I have the following code:
struct tm time;
strptime("27052010", "%d%m%Y", &time);
cout << "sec: " << time.tm_sec << "\n";
cout << "min: " << time.tm_min << "\n";
cout << "hour: " << time.tm_hour << "\n";
cout << "day: " << time.tm_mday << "\n";
cout << "month: " << (time.tm_mon + 1) << "\n";
cout << "year: " << time.tm_year << "\n";
time_t t = mktime(&time);
cout << "sec: " << time.tm_sec << "\n";
cout << "min: " << time.tm_min << "\n";
cout << "hour: " << time.tm_hour << "\n";
cout << "day: " << time.tm_mday << "\n";
cout << "month: " << (time.tm_mon + 1) << "\n";
cout << "year: " << time.tm_year << "\n";
cout << "time: " << t << "\n";
The output is:
sec: 1474116832
min: 32767
hour: 4238231
day: 27
month: 5
year: 110
sec: 52
min: 0
hour: 6
day: 2
month: 9
year: 640
time: 18008625652 (Fri, 02 Sep 2540 04:00:52 GMT)
My question is why does mktime()
change the values of time
and why is the converted time_t
not equal to my input date. I would expect that the output is the date expressed in seconds since 1970 (27.05.2010 = 1330905600).
Thanks in advance
mktime
normalizes all its arguments before converting to a time_t
. You have huge values for hour, minute and second, so those are all converted into appropriate numbers of days, pushing the value far into the future.

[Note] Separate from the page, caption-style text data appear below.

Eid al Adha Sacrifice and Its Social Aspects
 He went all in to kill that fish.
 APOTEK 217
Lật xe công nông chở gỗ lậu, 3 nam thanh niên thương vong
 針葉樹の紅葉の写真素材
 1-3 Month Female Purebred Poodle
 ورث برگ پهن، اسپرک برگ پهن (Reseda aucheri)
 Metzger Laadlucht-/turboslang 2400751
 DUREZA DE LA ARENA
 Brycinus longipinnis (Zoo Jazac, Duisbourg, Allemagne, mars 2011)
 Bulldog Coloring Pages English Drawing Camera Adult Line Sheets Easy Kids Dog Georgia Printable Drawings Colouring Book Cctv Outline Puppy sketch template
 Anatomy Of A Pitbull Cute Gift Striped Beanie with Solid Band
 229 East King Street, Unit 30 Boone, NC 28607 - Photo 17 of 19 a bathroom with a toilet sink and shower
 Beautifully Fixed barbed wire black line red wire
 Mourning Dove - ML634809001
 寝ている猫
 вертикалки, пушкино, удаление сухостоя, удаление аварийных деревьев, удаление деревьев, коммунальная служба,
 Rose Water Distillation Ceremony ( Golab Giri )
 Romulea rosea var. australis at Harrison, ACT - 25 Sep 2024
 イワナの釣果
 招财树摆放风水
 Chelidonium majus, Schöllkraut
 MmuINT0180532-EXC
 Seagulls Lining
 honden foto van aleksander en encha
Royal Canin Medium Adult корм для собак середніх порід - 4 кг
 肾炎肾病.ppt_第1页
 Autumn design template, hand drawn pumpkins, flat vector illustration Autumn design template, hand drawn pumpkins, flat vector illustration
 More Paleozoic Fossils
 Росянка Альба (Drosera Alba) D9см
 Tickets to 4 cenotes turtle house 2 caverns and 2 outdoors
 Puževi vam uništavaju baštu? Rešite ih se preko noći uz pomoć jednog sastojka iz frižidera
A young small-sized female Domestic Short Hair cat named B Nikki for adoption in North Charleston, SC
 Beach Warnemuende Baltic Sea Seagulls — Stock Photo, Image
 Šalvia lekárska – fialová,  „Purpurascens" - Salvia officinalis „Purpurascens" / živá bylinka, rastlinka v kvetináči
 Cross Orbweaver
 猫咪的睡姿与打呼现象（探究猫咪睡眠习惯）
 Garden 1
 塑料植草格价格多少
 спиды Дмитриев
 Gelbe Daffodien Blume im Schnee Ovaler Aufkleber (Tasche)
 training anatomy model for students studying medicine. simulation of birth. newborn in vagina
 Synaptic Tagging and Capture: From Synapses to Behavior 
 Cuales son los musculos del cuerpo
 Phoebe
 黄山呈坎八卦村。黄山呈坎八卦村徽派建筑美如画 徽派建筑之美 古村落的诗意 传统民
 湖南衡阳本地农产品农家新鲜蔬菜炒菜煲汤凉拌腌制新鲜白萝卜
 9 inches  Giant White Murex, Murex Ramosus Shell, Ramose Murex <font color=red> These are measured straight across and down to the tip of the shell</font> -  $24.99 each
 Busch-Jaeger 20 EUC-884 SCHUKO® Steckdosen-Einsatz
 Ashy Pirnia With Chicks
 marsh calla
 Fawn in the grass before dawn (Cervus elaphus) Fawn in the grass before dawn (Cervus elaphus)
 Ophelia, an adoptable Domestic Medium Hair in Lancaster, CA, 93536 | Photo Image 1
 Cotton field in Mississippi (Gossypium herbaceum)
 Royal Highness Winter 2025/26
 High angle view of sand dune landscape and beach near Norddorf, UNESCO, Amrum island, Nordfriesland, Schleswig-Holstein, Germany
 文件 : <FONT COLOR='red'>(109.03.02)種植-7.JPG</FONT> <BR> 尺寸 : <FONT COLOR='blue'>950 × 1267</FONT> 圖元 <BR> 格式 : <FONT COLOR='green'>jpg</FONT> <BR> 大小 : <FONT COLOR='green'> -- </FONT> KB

You need to zero out the other important attributes (including hour/minute/second) of the tm
before calling mktime
. As noted in a comment just initialize it to zero: tm time = {0};
(tagged C++ so the leading struct
isn't needed). Further note that you may wish to set tm_isdst
to -1 so that it attempts to determine the daylight saving value rather than assuming not DST (if initialized to zero).